**AVAILABLE DATA**
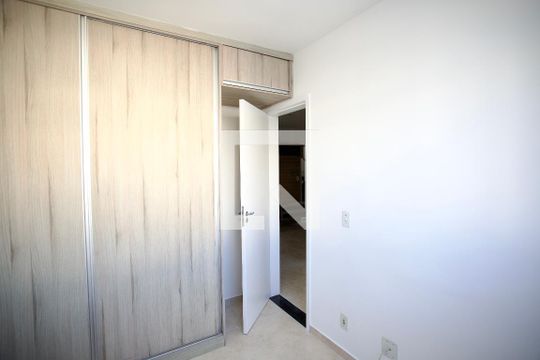 Quarto 2 de apartamento para alugar com 2 quartos, 45m² em Fonte Grande, Contagem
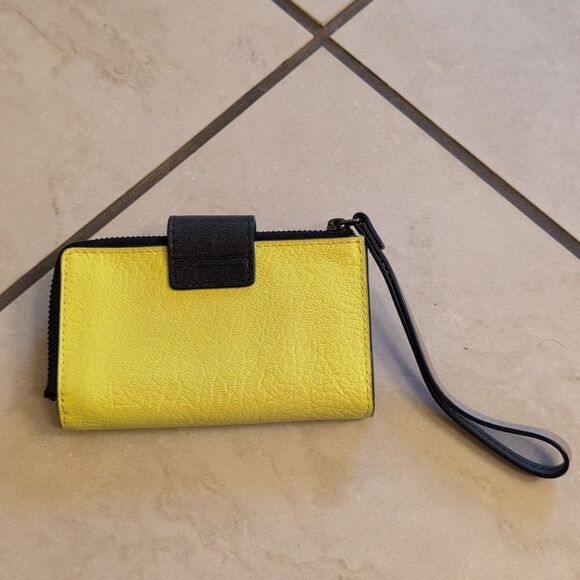 OH By Joy Gryson Wallet Wristlet Yellow Leather - Picture 7 of 10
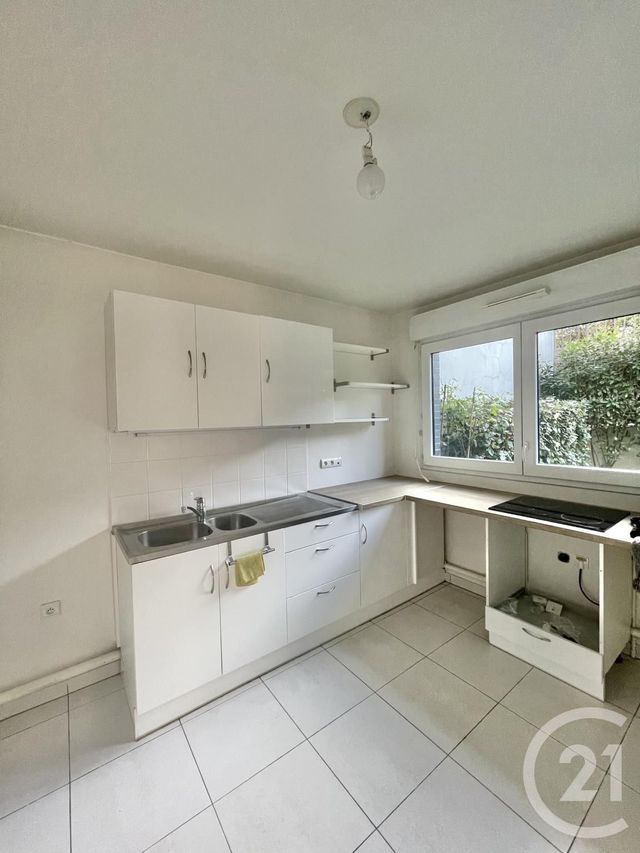 Maison &agrave; louer - 4 pi&egrave;ces - 72,80 m2 - Villejuif - 94 - ILE-DE-FRANCE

**REQUIRED WORK**
No image belongs in the copy. Transcribe the full listing verbatim.

**TASK ANSWER**
 Quarto 2 de apartamento para alugar com 2 quartos, 45m² em Fonte Grande, Contagem
 OH By Joy Gryson Wallet Wristlet Yellow Leather - Picture 7 of 10
 Maison &agrave; louer - 4 pi&egrave;ces - 72,80 m2 - Villejuif - 94 - ILE-DE-FRANCE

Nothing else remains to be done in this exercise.